How to identify sender and receiver id in inbound xml

Hi All,

Can any one of you please help me with the below requirement.

We will be receiving an inbound xml File through TN ,but the xml does not contain information of sender and receiver Id.

So for the inbound xml when received it selects the document type but there will not be sender and receiver to extract from that that case how can sender and receiver id be passed to that document type in TN

Hi Amruth,

How is the inbound xml being submitted to TN? Are you doing through some HTTP, FTP, AS2 or any other way?
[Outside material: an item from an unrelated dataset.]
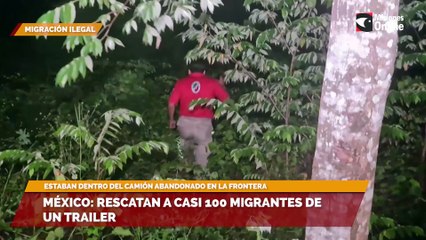 México: rescatan a casi 100 migrantes de un trailer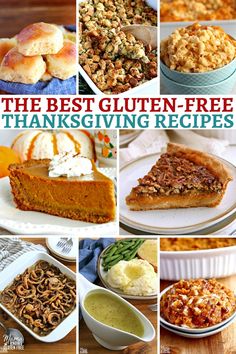 the best gluten - free thanksgiving recipes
If AS2, you can utilize the AS2 Id as the unique id right?

Hi @Amruth_Ruttala,
In the DocType you can try giving the Xpath to define something Unique.
With AS2 ID you can definetly identify who is sending , but when the document gets published to Trading Network via EDIINT services we need to have something unique.
e.g In DocumentTypes
Identify Tab give the Xpath such as
/XMLDOCHEADER[0]/XMLDOC[0]/ELEMENTNAME[0]/FIELDNAME = (You can hard code here), this will help you to recognise the documentType if coming via AS2 and the first time when you receive the document it will be always EDIINT.
Also in Extract tab you can Add SenderID and give the XPATH , ReceiverID give the XPATH
This XPATH can be something unique that you have found.
Put that sender ID and Receiver ID information in the Trading partners so that this matches.
Hopefully this is what you were asking.
Please get back to me if my reply is not relevant.